The explosion in the number of total shoulder replacement surgeries had previously done little to help those with severe rotator cuff injuries, but now the reverse total shoulder replacement has given those patients an option to escape chronic shoulder pain.
In a traditional total shoulder replacement surgery, the ball-and-socket joint of the shoulder are replaced with an artificial ball grafted onto the top of the arm, and the socket component in the shoulder. However, if you don’t have a good rotator cuff, which are the muscles that stabilize the shoulder, and you have arthritis, then a regular shoulder replacement would fail.
Reverse total shoulder replacement, approved by the FDA in 2003, offers a solution. A hemisphere is installed on the shoulder blade, while a socket joint is attached to the top of the arm bone.
Following a reverse total shoulder replacement, the joint is powered by the deltoid muscle instead of the rotator cuff.
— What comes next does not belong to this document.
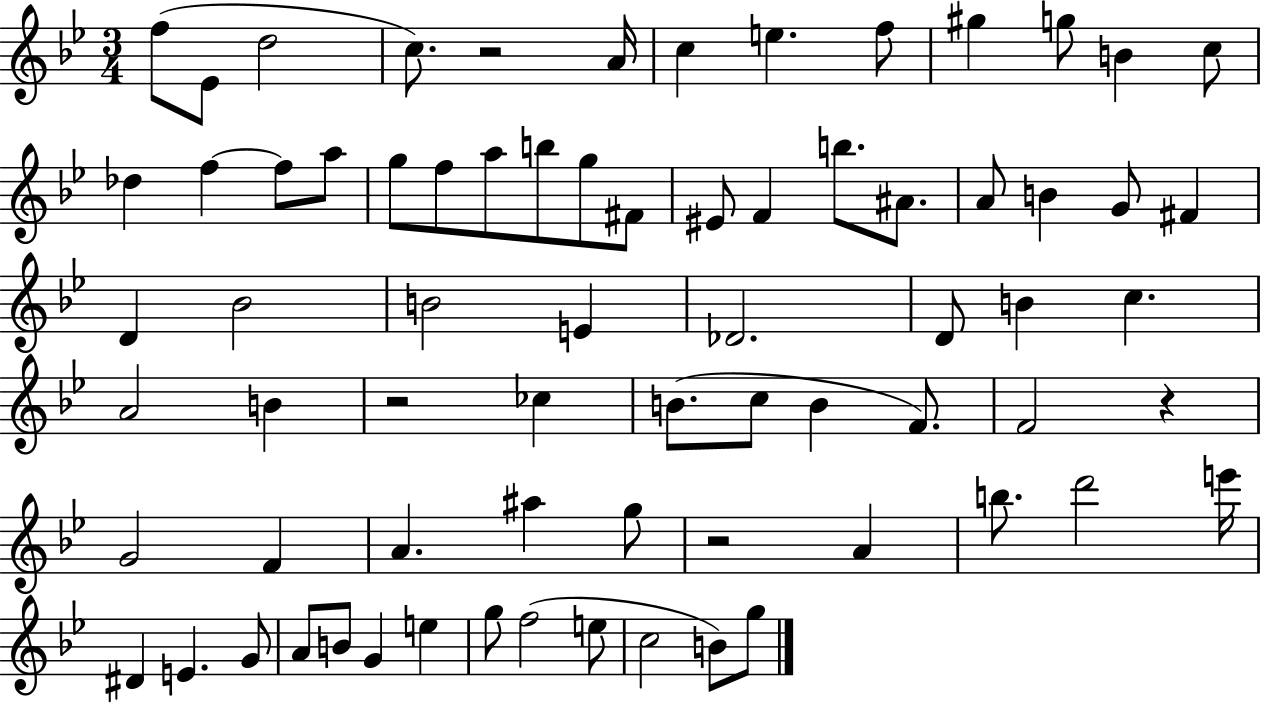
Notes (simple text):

There are a number of special cases in which a reverse total shoulder replacement can provide relief:
- Irreparable torn rotator cuff
- Cuff tear disease, referred to as arthropathy
- An unsuccessful previous replacement
- Severe shoulder pain and difficulty lifting your arm away from your side or over your head
- Complex fracture of the shoulder joint
- Chronic shoulder dislocation
- Tumor of the shoulder joint
The reverse total shoulder replacement procedure has been shown to deliver improved results for patients with severe rotator cuff damage, but initially carried a higher rate of complications than the traditional replacement.
The most common complication, according to a 2010 study at the University of Zurich, was scapular notching — an erosion of the scapular neck due to impingement of the rim of the cup of the joint. That could also be prevented, according to the study, by use of larger implant components and shifting the positioning of the implant.
Haematoma, a swelling of a blood clot, the study noted, was a common issue, but that it was one that could be better controlled.
Following years of advancement in techniques and technology, the risks of the procedure have been reduced, as the long-term reliability of new joints have improved for those suffering from some of the most extensive cases of joint damage.